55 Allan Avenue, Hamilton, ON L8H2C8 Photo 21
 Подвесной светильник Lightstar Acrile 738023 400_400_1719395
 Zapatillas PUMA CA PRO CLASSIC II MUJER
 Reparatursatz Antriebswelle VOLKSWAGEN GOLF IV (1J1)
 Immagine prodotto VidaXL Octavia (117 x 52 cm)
—————
The task:
An exact copy of the line containing "Zapatillas PUMA CA PRO CLASSIC II MUJER" and all lines after it, through the last line of the entries, is the required answer.

Response box:
 Zapatillas PUMA CA PRO CLASSIC II MUJER
 Reparatursatz Antriebswelle VOLKSWAGEN GOLF IV (1J1)
 Immagine prodotto VidaXL Octavia (117 x 52 cm)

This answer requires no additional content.